Innocence lost, innocence gone. Nobody believes a cheater for the second time. But things may be different for Volkswagen. There might be at least four reasons why it would be so:
First, it happened to a German brand, a rare incident in its culture of strong law enforcement and compliance. The rest of the world would consider this as an “outlier” and it might not be difficult for the brand to recuperate. In fact, stern measures are already under way. Heavy fines and criminal charges are in the offing. Credit Suisse estimated that the scandal might cost Volkswagen up to US$ 82 billion (the company will apparently become bankrupt). However, the company has earmarked about US$ 7.3 billion to handle the crisis. Of course, the bankruptcy may be out of question right now because the cost would accrue over time and can be spread over a series of lengthy law-suits.
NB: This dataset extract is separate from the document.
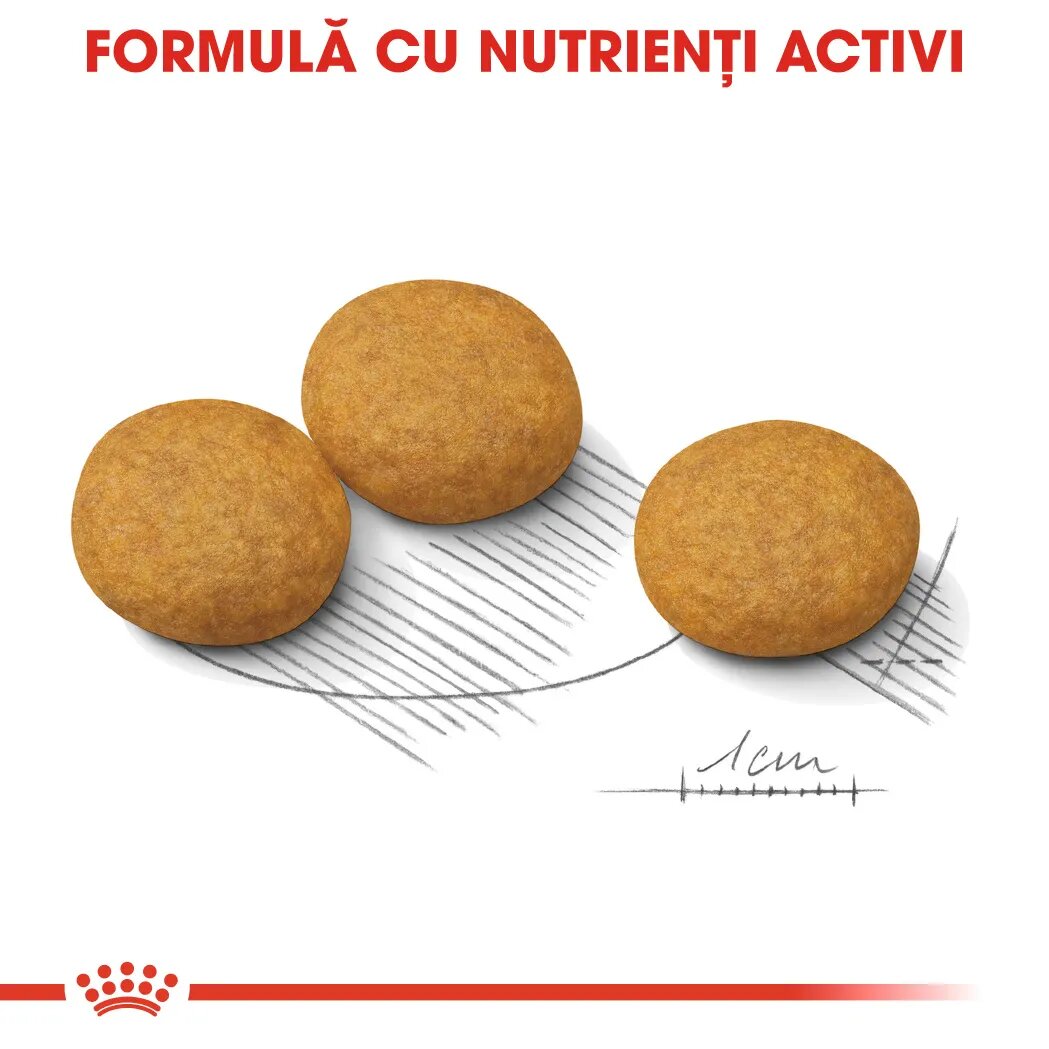 Royal Canin Medium Dermacomfort hrană uscată câini prevenirea iritațiilor pielii 3kg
Second, the key to manage crisis is to handle the crisis situation quickly. Volkswagen’s top official resigned, indicted diesel model is under prompt recall, refit or shipments halted, two engineers are already under probe and Chancellor Angela Merkel is already in the assuring mood to the rest of the world, refuting the media claim of long term effects on German economy.
Third, only the diesel engine model is under scrutiny (still about 11 million cars worldwide). It is highly unlikely that other models will have the same issue since the scandal is related more to the detection of emission of diesel engines. EPA of USA would obviously come up with stronger scrutiny now and in future on such issues.
Fourth, the company has the ability to support innovation. As time passes, the company can launch innovative models and set aside the past scandals that might already have hurt the consumer sentiment.